- Born: James Thomas Kelley Jr. October 26, 1949 Buffalo, New York
- Died: November 30, 2010 (aged 61) Buffalo, New York
- Occupation: journalist
- Years active: 1981–2010
- Employer: The Buffalo News
- Awards: Elmer Ferguson Memorial Award (2004)

= Jim Kelley =

American sports journalist (1949–2010)

James Thomas Kelley Jr. (October 26, 1949 - November 30, 2010) was a professional sports news columnist from South Buffalo. His 30-year career focused primarily on the Buffalo Sabres of the National Hockey League, and the greater Buffalo area. He started covering the Sabres in 1981 for The Buffalo News, and also went on to cover the Stanley Cup Final for 23 straight years. He pursued other media besides newspaper writing. He originated the weekly "Hockey Night in Buffalo", as well as "Sharpshooters" on WNSA with partner Mike Robitaille. From time to time he continued to contribute various hockey articles to ESPN.com and FOXSports.com.
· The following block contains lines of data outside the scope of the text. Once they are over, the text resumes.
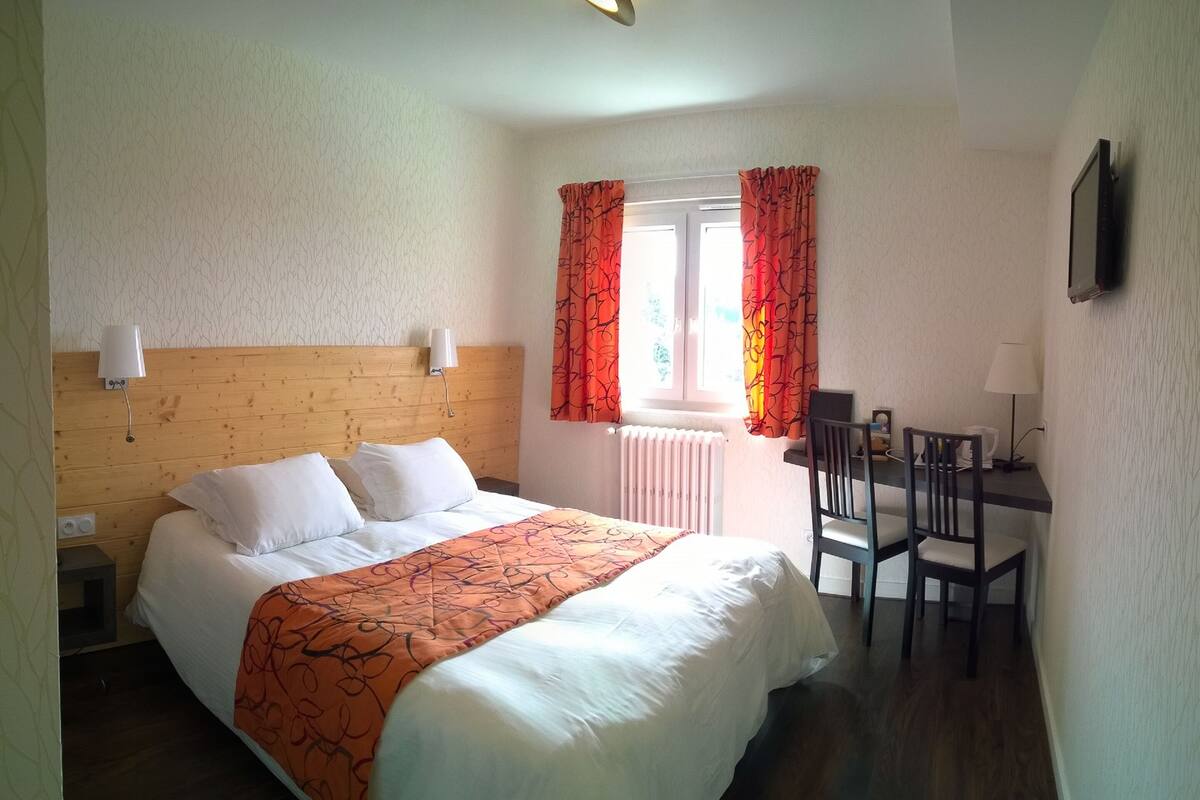 Quarto de hotel com cabeceira de madeira, cama com roupa de cama branca e laranja, escrivaninha com cadeira e janela com cortinas.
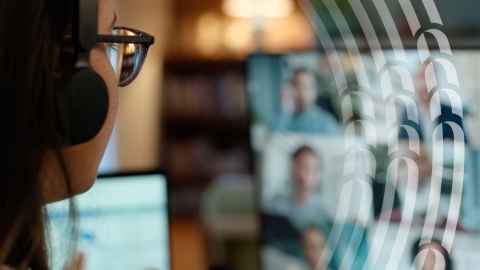 Woman with headphones looking at computer screen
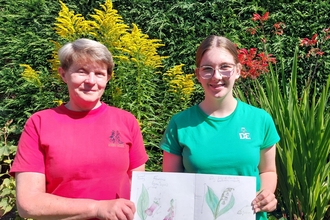 Pauline and Ffion with her notebook of nature art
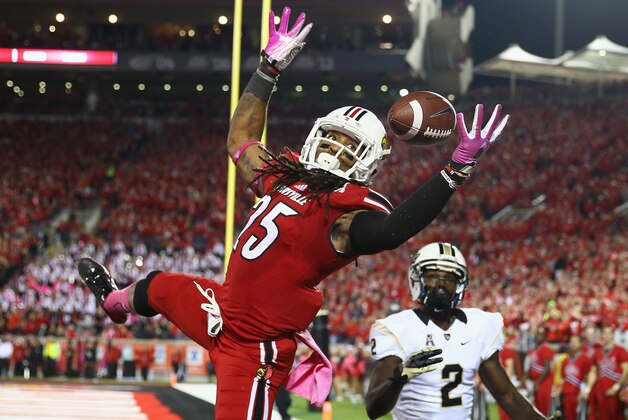 LOUISVILLE, KY - OCTOBER 18:  Calvin Pryor #25 of the Louisville Cardinals intercepts a pass in the end zone during the game against the Central Florida Knights at Papa John's Cardinal Stadium on October 18, 2013 in Louisville, Kentucky.  (Photo by Andy Lyons/Getty Images)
His experience and knowledge of hockey led The Hockey News to proclaim him in 2002–03 as one of the "100 People of Power and Influence in Hockey."
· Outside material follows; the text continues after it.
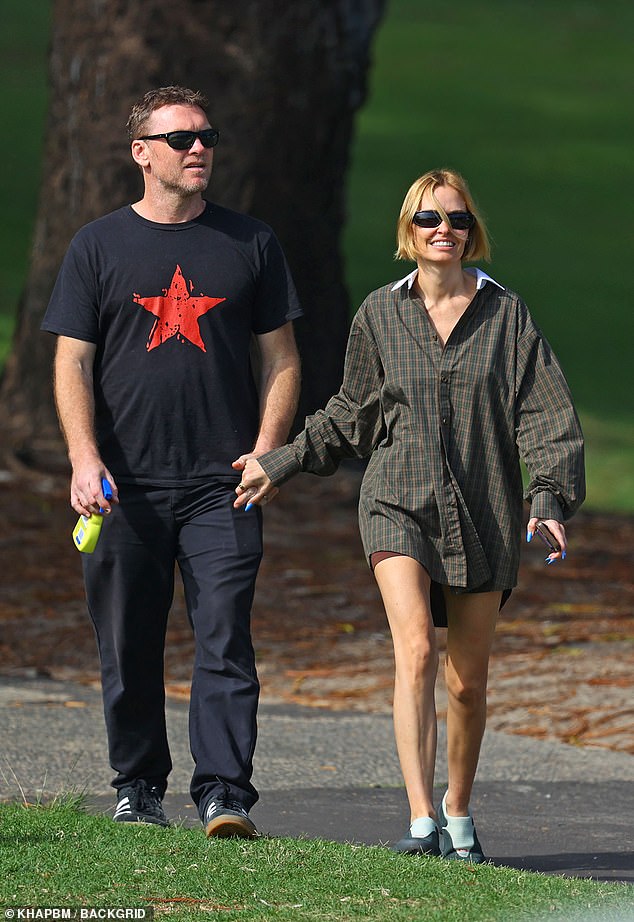 The couple looked very much in love as they enjoyed a summer walk, holding hands and soaking up the sun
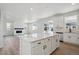 Bright and airy kitchen with an island, stainless steel appliances, and an open floor plan at 1318 Sienna Peak Cir, Erie, CO 80516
Kelley served as president of the Professional Hockey Writers' Association from 1993 to 1999. He was a regular co-host on Prime Time Sports, a columnist for Sports Illustrated, and wrote a hockey column for Sportsnet.ca; he continued writing columns for Sportsnet up until his death, with his final column being published the day of his death.

==Honors==
Kelley was a three-time president of the Professional Hockey Writers Association. He also won the 1994–95 New York State Publisher's Award for Sports Writing Excellence, and was named one of the top five hockey writers in North America by ESPN. He was chosen as a member of the Hockey Hall of Fame Media Selection Committee, and a Staff Consultant to the International Olympic Committee (IOC) for the 1998 Winter Olympics in Nagano, Japan. In 2004, Kelley earned one of hockey's highest honors, receiving the Elmer Ferguson Memorial Award, and induction into the Hockey Hall of Fame. One year later, he was inducted into the Greater Buffalo Sports Hall of Fame. He was also inducted into the Buffalo Sabres Hall of Fame on January 1, 2011

== Hašek incident ==
One of the most notorious moments of Kelley's career came in the 1996–97 NHL season, while he was covering the Buffalo Sabres' first round playoff series against the Ottawa Senators. After Sabres goaltender Dominik Hašek claimed to be injured with a knee pop in Game Three of the series, Kelley wrote a column the next day that accused Hašek of having "poor mental toughness." After Game Five of the series, Kelley approached Hašek for an interview. When he saw Kelley, Hašek unexpectedly yelled at him, pushed him and subsequently ripped his shirt off. He later issued a formal apology to Kelley, and was suspended three games and fined $10,000 for his actions.

==Cancer==
In his Sportsnet.ca column on December 24, 2009, Kelley revealed that had pancreatic cancer. He died at the age of 61 at Buffalo General Hospital on November 30, 2010. Earlier that morning at 1:30 a.m. (EST), he filed his final column for Sportsnet.ca. The subject was the Toronto Maple Leafs' status on the second anniversary of the hiring of Brian Burke as its general manager.